BNAziz Counterpunch 01.11.23
My sister in Canada once had an ardent although not excessive interest in British royalty. She has followed successive generations of The Windsors from the 1940s into the 21 Century. Now, she says, that’s over. First she refused to indulge the latest ‘Crown’ film series; now she’s determinedly ignoring the newest BritRoyal wrangles and confessions displayed on Netflix’s ‘Harry and Meghan’ run.
I’m joining the boycott. Not because I might not sympathize with a young couple’s reported difficulties with their family. But because they have taken on a narrative that they cannot possibly control, one that simply provides a captivated public with a new chapter in an endless loop; it’s unarguably mere entertainment. So, are they exploiting the family name? Or is the media machine exploiting them?
However savvy the exiled young family may appear, however trusted the advisors who arrange their appearances, however candid, perceptive and valid their interpretations of BritRoyal life, do they really believe their story can rise beyond a quotidian media event to feed the public’s insatiable mythomania?
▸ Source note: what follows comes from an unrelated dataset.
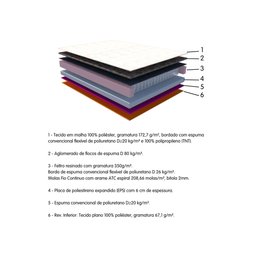 Colchao Queen Size Molas Extrapedic Olimpia 1,58x1,98x0,28m Paropas - 5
I admit I found some of the stories presently circulating irresistible: ‘The Crown’ drama and the countless documentaries about the doomed and adored Diana: cheated wife, cool mother, pitiable sister, shunned daughter-in-law, public martyr. All are supplemented by film forays through the Windsor family tree, each limb with its jealousies, intrigues and mysteries: the royal sisters, Margaret and Elizabeth; a new Channel 4 British production ‘Prince Andrew: The Musical’; the exiled recluse, Princess Alice of Battenberg, mother of the Duke of Edinburgh. Royal historians proffer appropriate dignity and authority while doddering cousins, eyewitnesses to the royals as adorable infants, are pulled from retirement to add a kinder touch.
Controversies from the 2021 Oprah TV interview highlighting the problems of the likable scion Harry and his American wife Meghan were pre-empted by June’s week-long spectacle, the funerary ritual of Elizabeth II. But the current docuseries, with its added layer of Sussex-Windsor confessions, must have been underway before the matriarch’s royal body was cold. As if Harry’s and Meghan’s tattling would not create a backlash, this week we have Harry offering a footnote for the public to chew on.
I’m inclined to concur with my sister’s decision to dismiss further portrayals of BritRoyals. Whatever insights they may offer about dysfunctional family realities and the plague of press attention they suffer, there’s no definitive truth here, certainly no winner. Whichever side we may come down on after hearing revelations by the Duke and Duchess, all this is a sort of pulp biopic.
This enchanting couple has succumbed to a powerful drug—celebrity. They may win sympathy; they may fill their un royal coffer (reputedly $100 M for the series); they may feel vindicated. But they’re no more than itinerant celebrity entertainers.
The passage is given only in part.